(Records for the task)

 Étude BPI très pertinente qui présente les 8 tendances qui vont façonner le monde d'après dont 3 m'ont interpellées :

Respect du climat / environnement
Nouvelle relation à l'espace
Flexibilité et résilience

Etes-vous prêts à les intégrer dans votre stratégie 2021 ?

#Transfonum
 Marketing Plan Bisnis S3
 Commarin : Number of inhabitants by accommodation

(End Records for the task)
(Records for the task)

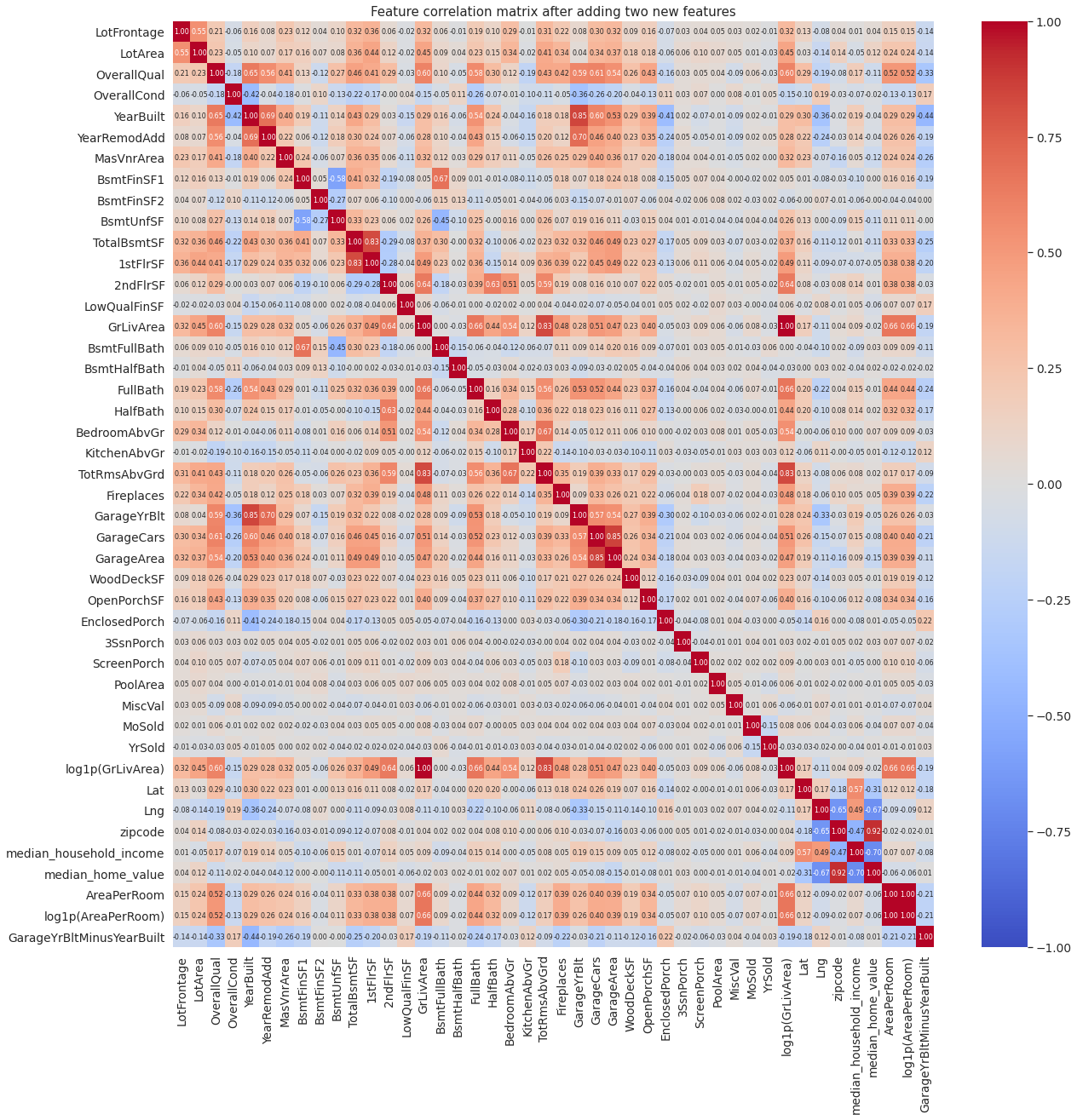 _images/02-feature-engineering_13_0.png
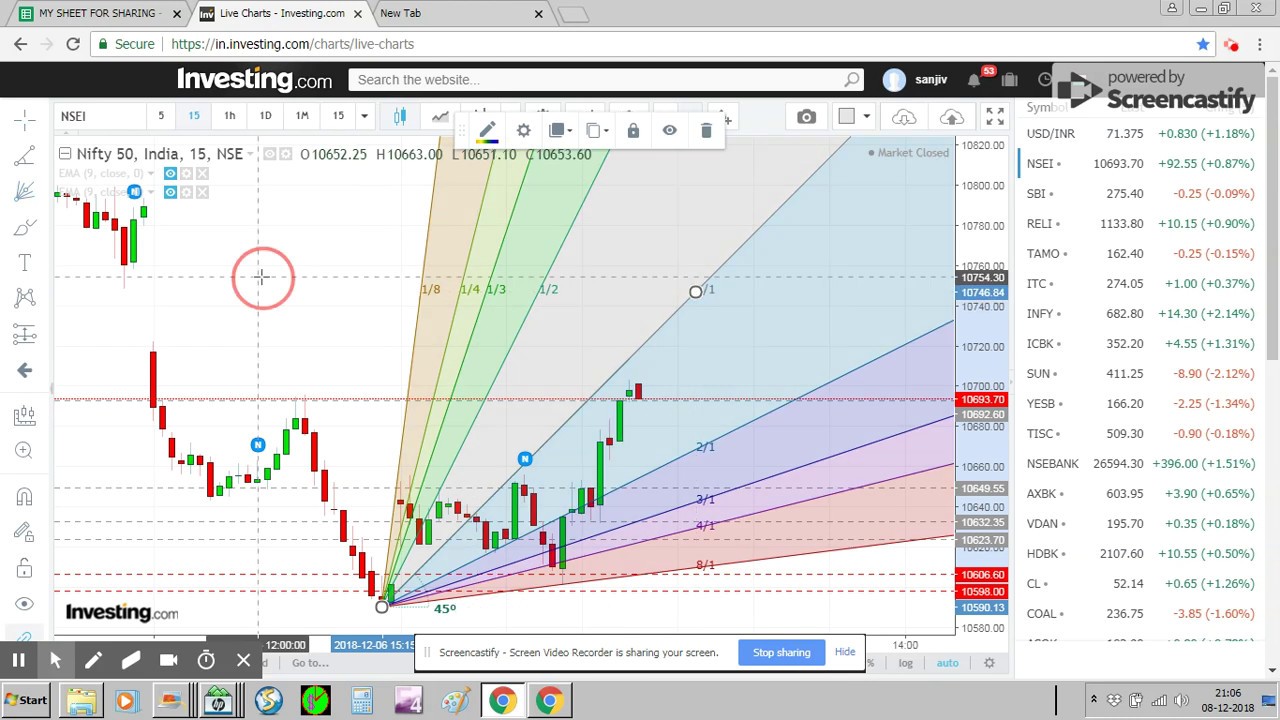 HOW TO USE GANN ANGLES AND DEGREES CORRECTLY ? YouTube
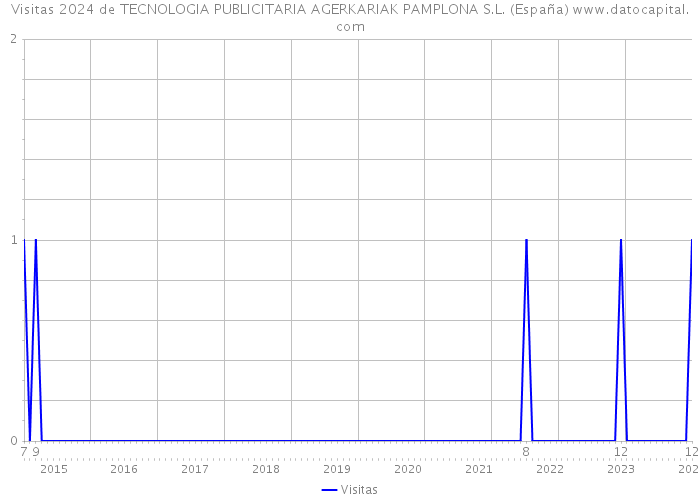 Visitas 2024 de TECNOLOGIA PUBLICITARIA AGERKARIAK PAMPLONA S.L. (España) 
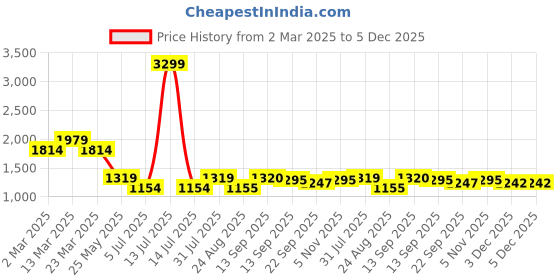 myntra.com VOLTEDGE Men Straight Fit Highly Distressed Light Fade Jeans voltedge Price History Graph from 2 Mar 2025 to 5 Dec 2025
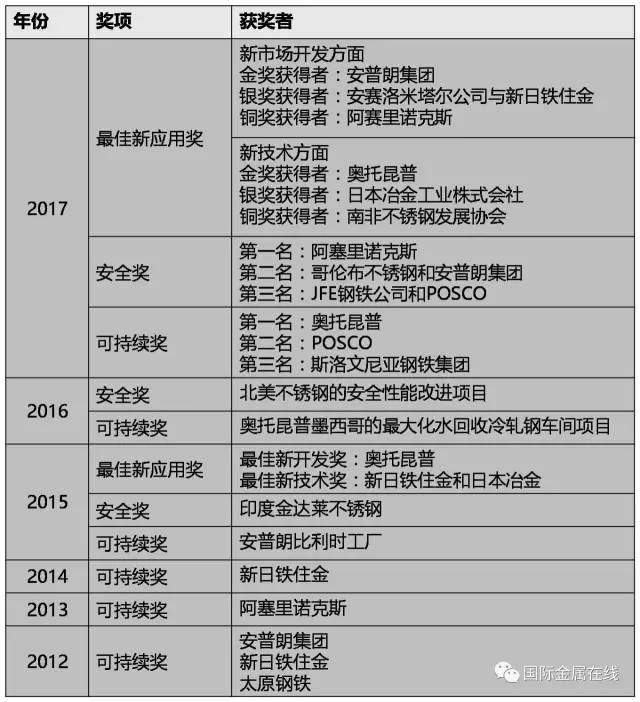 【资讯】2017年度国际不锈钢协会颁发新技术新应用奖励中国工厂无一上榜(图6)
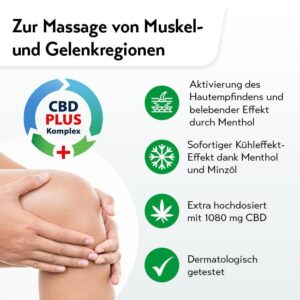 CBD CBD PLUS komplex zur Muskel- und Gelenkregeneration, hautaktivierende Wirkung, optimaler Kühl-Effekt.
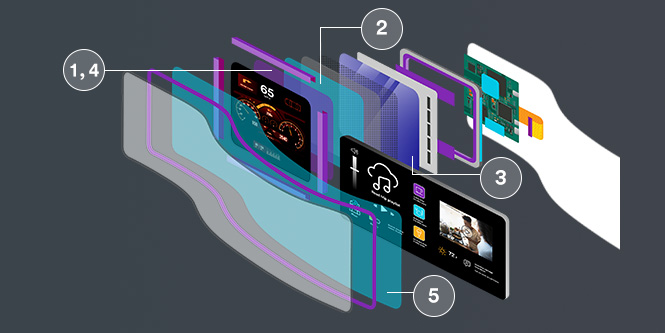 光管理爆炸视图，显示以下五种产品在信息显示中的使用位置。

(End Records for the task)
(Records for the task)

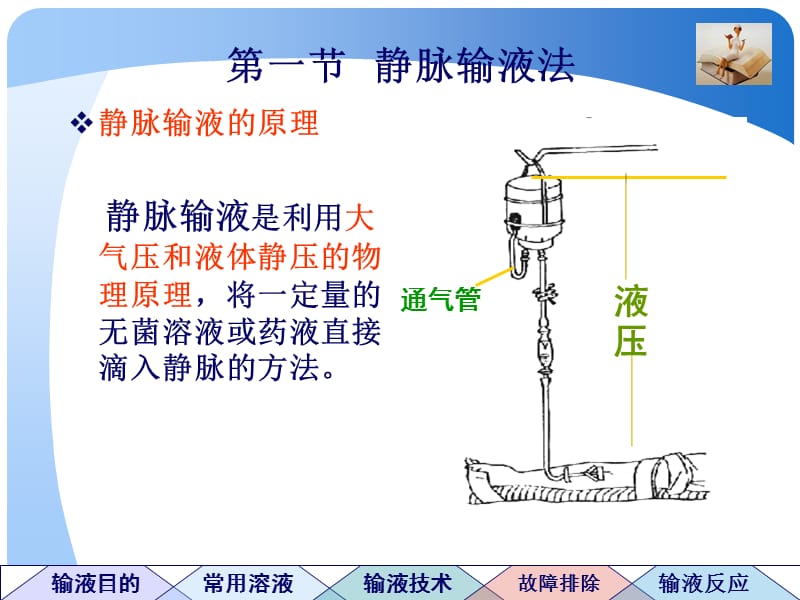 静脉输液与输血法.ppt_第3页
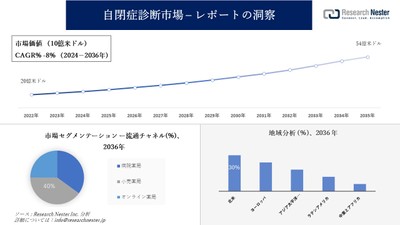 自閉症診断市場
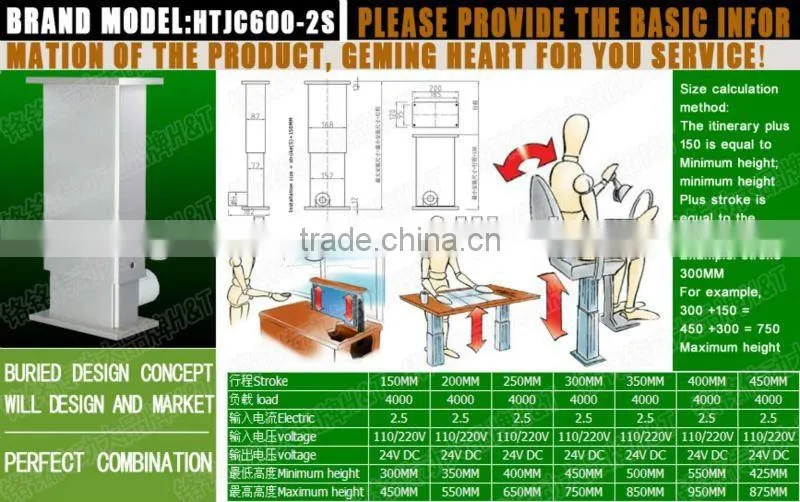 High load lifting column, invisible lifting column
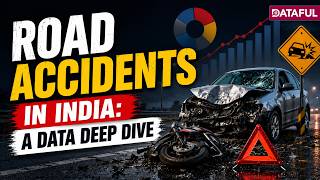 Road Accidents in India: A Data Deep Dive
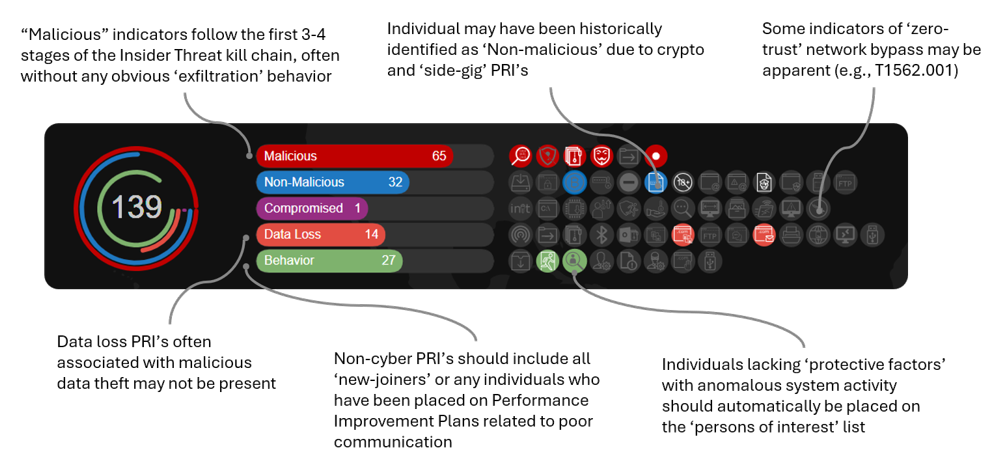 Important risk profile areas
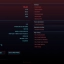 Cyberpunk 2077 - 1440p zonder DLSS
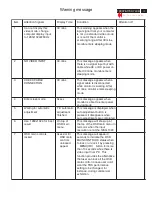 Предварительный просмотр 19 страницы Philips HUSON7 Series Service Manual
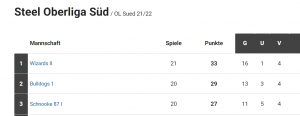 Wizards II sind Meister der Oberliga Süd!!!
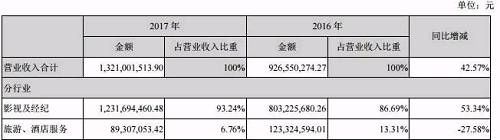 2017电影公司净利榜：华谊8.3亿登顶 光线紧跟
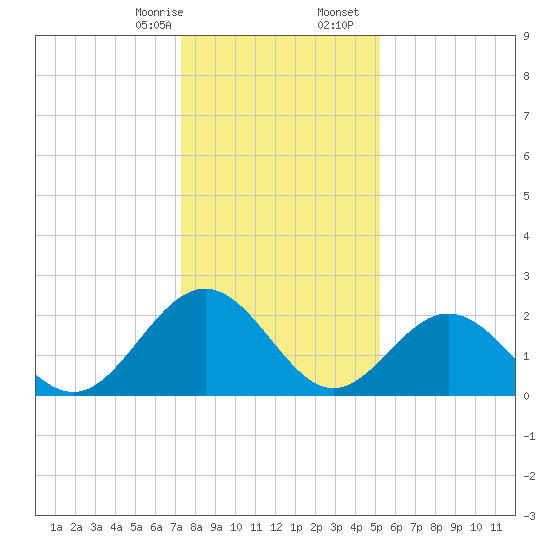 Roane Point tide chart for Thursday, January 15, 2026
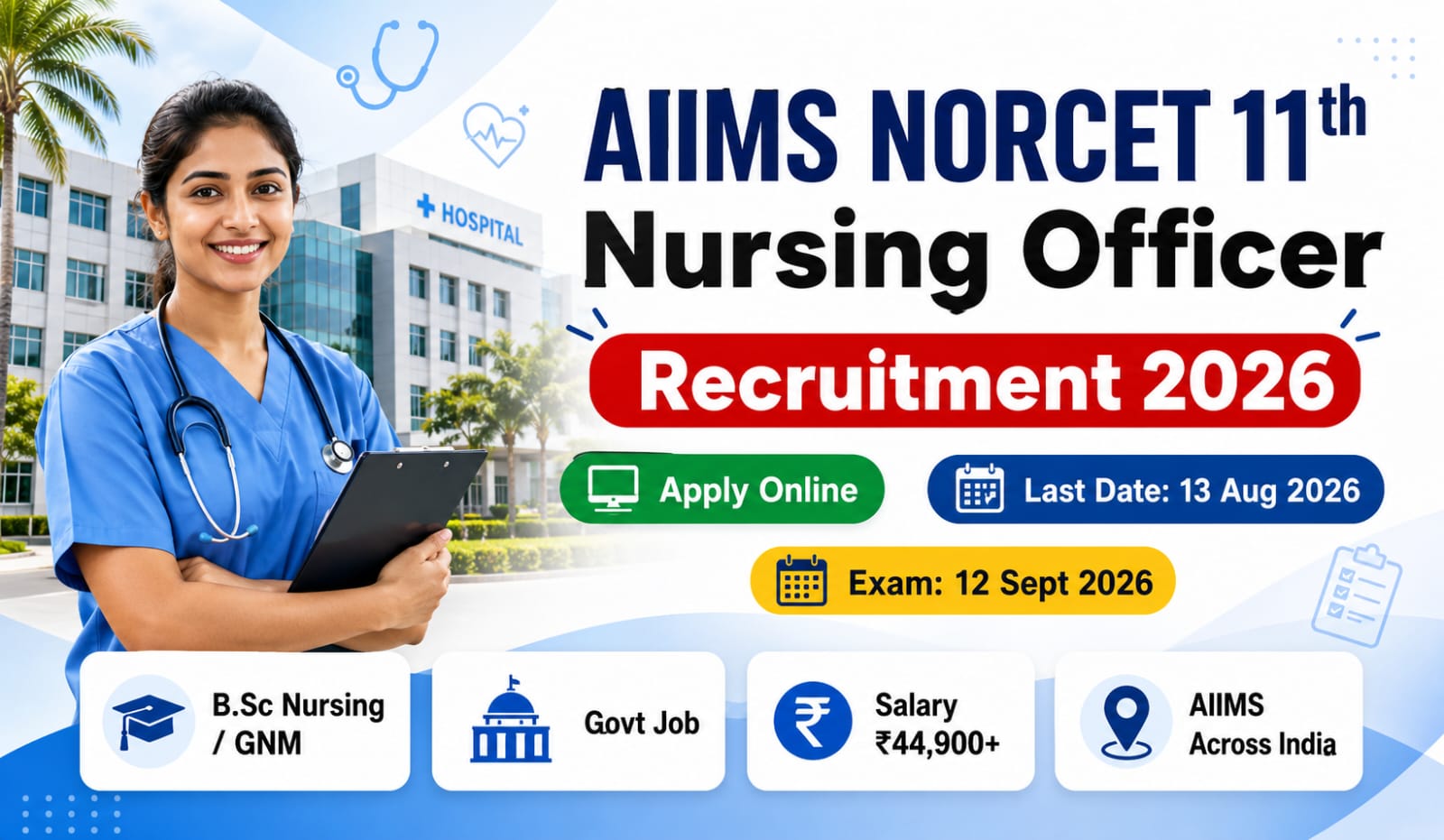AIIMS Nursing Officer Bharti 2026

(End Records for the task)

§ Problem details:
In the listing above, find the line containing "Cyberpunk 2077 - 1440p zonder DLSS" and the line containing "AIIMS Nursing Officer Bharti 2026", then print exactly those two lines and every line between them, minus the pictures.

§ Task solution:
 Cyberpunk 2077 - 1440p zonder DLSS
 Предварительный просмотр 19 страницы Philips HUSON7 Series Service Manual
 Wizards II sind Meister der Oberliga Süd!!!
 2017电影公司净利榜：华谊8.3亿登顶 光线紧跟
 Roane Point tide chart for Thursday, January 15, 2026
AIIMS Nursing Officer Bharti 2026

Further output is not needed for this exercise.